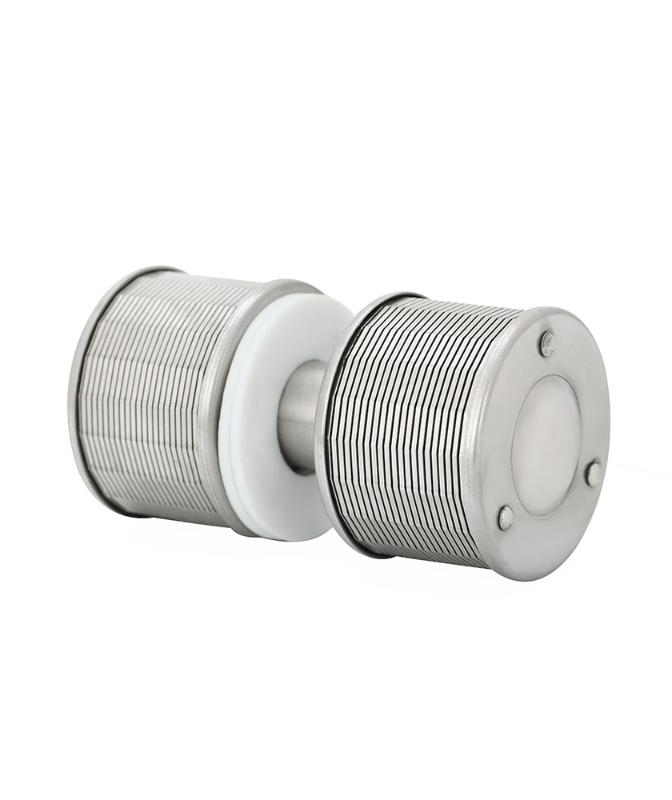 Johnson wedge wire nozzle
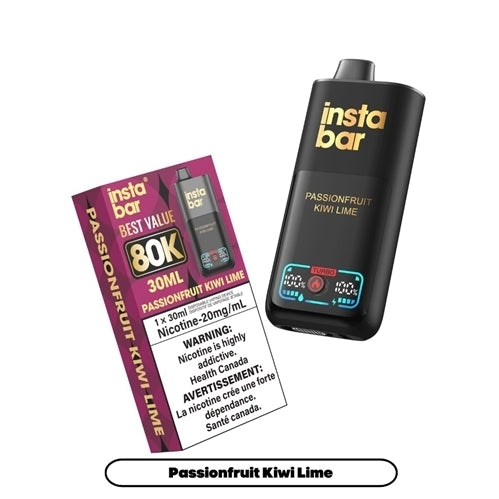 Instabar 80K Disposable Vapes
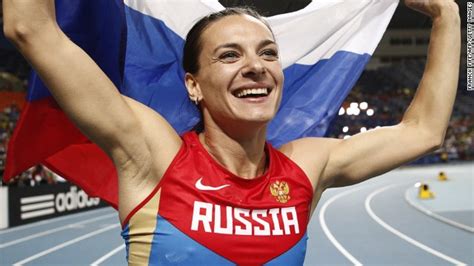 Yelena Isinbayeva Ignites World Championships With Pole Vault Gold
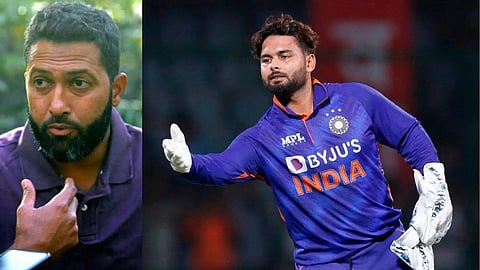 IND vs SA After captain Rishabh Pant danger of being out of the team Wasim Jaffer 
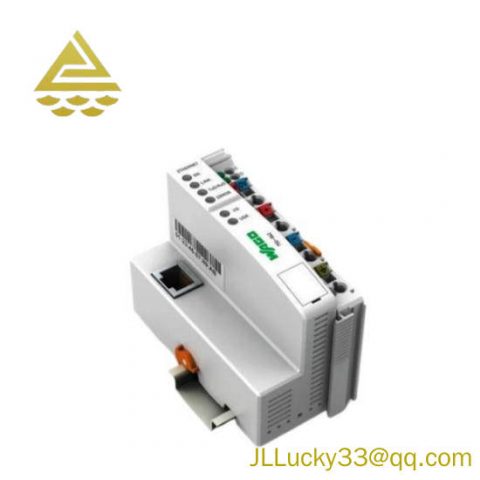 WAGO 750-550/006-000: Industrial-grade Analog Output Module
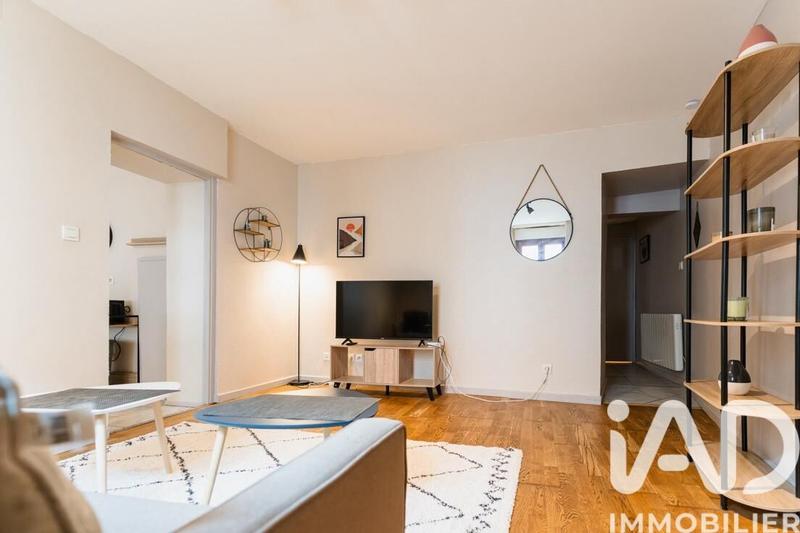 Appartement - 35 m² - 2 pièces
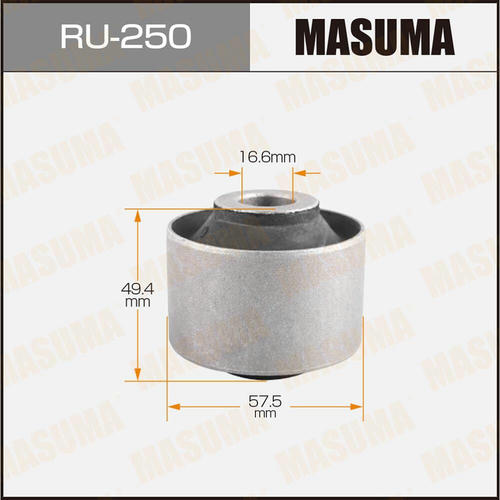 Сайлентблок Masuma, RU-250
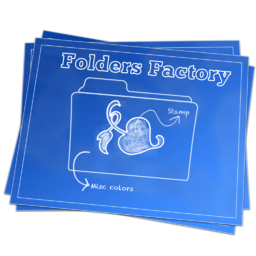 Crea iconos personalizados para tu Mac con Folders Factory FoldersFactory.256x256 75 Crea iconos personalizados para tu Mac con Folders Factory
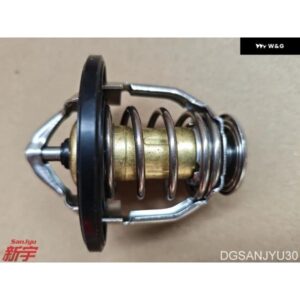 パジェロ V26V36V46V76V66V86V96 L200 K57K77 4M40 4M41 エンジン サーモスタット ME200262 ME191593 76.5℃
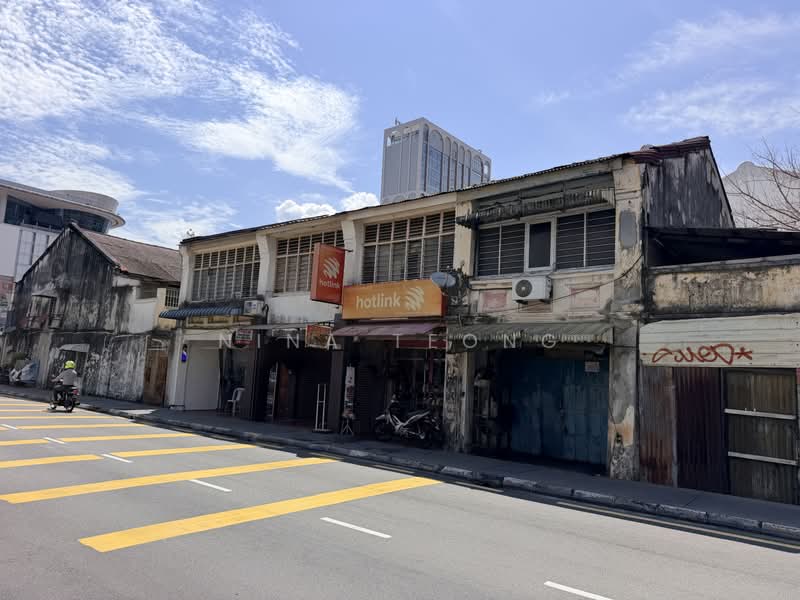 Shop / Office for Sale in George Town (Penang) - Tee Mooi Kiang - Exterior - PropertyGuru.com.my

▶ WHAT THE EXERCISE ASKS: Exactly the lines from the one holding "WAGO 750-550/006-000: Industrial-grade" to the last line of the records above should be duplicated, with no pictures among them.

▶ RESULT:
 WAGO 750-550/006-000: Industrial-grade Analog Output Module
 Appartement - 35 m² - 2 pièces
 Сайлентблок Masuma, RU-250
 Crea iconos personalizados para tu Mac con Folders Factory FoldersFactory.256x256 75 Crea iconos personalizados para tu Mac con Folders Factory
 パジェロ V26V36V46V76V66V86V96 L200 K57K77 4M40 4M41 エンジン サーモスタット ME200262 ME191593 76.5℃
 Shop / Office for Sale in George Town (Penang) - Tee Mooi Kiang - Exterior - PropertyGuru.com.my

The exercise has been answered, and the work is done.